Wicked Stepmother (1989)


 So "The Stepfather" (1987) has been on Shudder for a few months, but I noticed that it was getting a TCM Underground showing at 1:00 AM here Central time so I decided on recording it for a revisit next week. After it, Turner Classics showed as a double feature with it Larry Cohen's Wicked Stepmother (1989), the notorious final film of Bette Davis. What made this film so infamous is that Davis was barely on the production for a few days before leaving in disgust due to not liking the script or Cohen's direction. So Barbara Carrera was brought in as a second witch, getting to occupy a family's home when Davis's witch takes her place in a black cat named Pericles. Carrera is certainly sultry enough, although her sexy dance on the pillar of Lionel Stander's home for spying PI Richard Moll is outrageously campy. Carrera seems inspired to go the extra mile to make her Priscilla a catty seductress trying to gain the desire and lust for Colleen Camp's beau, David Rasche. So, the obvious curiosity and allure towards the film is Davis' presence, no matter how slight and quick it comes and goes. I think I read she was in the film approximately eleven minutes. It feels much shorter than that, quite frankly. 

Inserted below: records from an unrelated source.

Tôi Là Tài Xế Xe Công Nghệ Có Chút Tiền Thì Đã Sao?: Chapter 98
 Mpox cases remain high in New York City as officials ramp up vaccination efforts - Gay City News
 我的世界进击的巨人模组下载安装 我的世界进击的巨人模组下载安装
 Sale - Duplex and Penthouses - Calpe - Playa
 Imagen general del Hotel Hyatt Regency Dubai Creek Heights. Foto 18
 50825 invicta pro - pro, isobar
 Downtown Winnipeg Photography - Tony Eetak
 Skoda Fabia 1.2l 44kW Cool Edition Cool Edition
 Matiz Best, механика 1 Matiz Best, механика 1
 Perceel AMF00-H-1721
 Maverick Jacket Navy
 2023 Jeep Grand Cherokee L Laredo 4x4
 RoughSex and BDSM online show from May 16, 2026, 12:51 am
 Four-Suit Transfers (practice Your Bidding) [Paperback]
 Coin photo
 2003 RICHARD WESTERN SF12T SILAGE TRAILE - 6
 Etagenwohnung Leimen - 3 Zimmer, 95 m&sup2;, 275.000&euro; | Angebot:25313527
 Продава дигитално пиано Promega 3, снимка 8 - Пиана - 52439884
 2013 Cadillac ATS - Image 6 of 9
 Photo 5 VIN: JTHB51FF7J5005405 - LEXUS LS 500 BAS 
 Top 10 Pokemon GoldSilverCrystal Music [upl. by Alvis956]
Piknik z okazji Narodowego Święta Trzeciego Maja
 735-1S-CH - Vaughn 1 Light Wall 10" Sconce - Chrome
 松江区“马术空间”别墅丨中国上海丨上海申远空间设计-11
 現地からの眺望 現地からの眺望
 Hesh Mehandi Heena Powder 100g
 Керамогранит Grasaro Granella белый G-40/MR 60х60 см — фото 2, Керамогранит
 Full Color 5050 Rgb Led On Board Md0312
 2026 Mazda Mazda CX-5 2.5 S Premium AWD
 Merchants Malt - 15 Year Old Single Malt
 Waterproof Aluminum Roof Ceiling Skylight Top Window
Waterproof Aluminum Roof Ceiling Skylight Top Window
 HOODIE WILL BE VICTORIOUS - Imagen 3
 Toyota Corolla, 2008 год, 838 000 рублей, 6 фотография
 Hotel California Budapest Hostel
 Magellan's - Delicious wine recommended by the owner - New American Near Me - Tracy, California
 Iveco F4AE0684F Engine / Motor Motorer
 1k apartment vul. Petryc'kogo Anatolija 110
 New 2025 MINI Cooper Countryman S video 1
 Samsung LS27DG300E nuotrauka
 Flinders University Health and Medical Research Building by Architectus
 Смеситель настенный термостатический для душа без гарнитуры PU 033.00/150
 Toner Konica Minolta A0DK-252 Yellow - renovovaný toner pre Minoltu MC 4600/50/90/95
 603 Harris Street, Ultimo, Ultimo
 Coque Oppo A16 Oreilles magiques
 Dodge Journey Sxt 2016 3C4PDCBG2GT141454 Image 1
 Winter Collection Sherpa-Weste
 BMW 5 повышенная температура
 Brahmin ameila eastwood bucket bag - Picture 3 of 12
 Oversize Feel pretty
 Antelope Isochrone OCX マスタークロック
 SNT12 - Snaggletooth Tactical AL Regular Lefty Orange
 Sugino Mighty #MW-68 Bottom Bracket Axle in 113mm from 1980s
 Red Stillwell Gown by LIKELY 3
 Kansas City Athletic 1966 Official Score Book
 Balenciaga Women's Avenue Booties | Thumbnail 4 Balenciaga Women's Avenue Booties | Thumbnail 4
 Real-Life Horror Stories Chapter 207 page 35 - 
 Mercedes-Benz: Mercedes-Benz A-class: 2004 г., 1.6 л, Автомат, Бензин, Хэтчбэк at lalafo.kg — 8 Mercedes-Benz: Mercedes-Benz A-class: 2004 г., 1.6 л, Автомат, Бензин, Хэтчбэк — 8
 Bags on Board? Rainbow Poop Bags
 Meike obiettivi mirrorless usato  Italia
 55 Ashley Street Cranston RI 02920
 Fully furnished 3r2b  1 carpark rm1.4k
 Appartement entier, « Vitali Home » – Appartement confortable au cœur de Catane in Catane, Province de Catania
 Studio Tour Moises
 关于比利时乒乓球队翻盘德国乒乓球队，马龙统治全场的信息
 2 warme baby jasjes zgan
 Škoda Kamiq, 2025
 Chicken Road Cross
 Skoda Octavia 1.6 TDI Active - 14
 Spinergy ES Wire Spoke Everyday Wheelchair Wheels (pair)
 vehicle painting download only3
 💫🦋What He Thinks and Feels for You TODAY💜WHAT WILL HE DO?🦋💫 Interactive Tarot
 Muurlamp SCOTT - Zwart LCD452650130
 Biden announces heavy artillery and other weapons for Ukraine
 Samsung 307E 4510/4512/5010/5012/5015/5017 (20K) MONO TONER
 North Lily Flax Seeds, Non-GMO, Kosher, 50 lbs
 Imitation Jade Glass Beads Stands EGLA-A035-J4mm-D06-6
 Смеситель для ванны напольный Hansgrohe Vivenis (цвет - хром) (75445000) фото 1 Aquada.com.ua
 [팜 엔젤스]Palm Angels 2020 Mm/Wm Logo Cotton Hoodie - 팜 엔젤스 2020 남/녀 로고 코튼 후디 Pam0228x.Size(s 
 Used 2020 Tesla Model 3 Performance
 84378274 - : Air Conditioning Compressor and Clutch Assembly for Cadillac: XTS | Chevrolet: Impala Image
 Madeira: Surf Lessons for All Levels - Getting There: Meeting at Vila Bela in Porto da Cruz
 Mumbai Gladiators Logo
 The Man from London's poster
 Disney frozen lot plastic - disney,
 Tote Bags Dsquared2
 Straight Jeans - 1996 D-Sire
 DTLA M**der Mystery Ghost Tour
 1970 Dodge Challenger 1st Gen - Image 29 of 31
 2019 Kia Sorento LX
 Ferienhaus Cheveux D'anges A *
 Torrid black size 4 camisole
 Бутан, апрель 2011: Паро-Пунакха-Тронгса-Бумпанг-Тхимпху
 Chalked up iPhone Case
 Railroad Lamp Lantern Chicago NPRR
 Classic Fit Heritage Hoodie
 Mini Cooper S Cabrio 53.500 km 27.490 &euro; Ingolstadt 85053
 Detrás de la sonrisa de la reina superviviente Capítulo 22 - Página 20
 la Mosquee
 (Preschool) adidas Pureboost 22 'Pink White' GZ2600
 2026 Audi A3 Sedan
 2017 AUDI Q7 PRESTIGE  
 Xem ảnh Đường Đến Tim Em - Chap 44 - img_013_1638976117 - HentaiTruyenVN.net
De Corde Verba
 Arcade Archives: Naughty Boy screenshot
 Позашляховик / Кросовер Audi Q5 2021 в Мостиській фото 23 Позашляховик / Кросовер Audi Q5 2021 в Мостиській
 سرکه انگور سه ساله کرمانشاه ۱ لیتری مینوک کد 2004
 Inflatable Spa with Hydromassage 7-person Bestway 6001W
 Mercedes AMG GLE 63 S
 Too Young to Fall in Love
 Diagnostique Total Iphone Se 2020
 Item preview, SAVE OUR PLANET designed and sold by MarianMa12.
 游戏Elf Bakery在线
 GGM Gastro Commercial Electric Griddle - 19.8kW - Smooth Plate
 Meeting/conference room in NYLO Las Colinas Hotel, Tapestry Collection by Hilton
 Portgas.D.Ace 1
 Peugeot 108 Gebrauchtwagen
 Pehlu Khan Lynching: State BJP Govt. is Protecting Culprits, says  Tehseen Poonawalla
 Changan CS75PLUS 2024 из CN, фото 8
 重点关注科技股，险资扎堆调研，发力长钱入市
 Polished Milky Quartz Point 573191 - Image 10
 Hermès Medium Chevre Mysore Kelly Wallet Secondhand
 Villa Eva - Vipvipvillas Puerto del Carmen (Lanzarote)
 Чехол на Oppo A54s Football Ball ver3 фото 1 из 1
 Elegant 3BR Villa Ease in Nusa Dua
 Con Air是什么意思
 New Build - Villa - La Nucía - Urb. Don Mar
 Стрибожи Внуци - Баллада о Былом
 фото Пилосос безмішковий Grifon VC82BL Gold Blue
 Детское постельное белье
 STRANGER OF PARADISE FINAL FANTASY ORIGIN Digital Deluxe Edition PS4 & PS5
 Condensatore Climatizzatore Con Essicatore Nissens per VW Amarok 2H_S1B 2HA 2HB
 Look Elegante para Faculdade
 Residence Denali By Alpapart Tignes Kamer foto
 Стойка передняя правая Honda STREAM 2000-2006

Davis died in 1989, the same year this was released and she looked skeletal and skinny, smoking almost the entire time (if not the entire time) on screen. When she pops another cig between her lips, really taking a drag, Davis bellows smoke like a chimney. I LOVE Bette Davis, but seeing her in the film so ill and aged, just smoking up a fierce storm, it left me haunted. I really felt like she was "Fuck it, I'm dying so I'll just chainsmoke and live what life I have left without a care in the world." Her voice is gravel and ash, and it seemed like every bit of dialogue Davis had was released with a bit of tired exhaustion. But still, her presence pops off the screen even if the role is embarrassing for one of the greatest actresses in the history of Hollywood and film. Cohen's film tries (and sadly fails) to make up for her loss once she moves to the cat and Carrera enters the picture. I wonder if the audience of the time was expecting Davis to return at some point, perhaps disappointed when she never returns. Because I can only assume the audience expected her to re-emerge and Carrera to return to the cat.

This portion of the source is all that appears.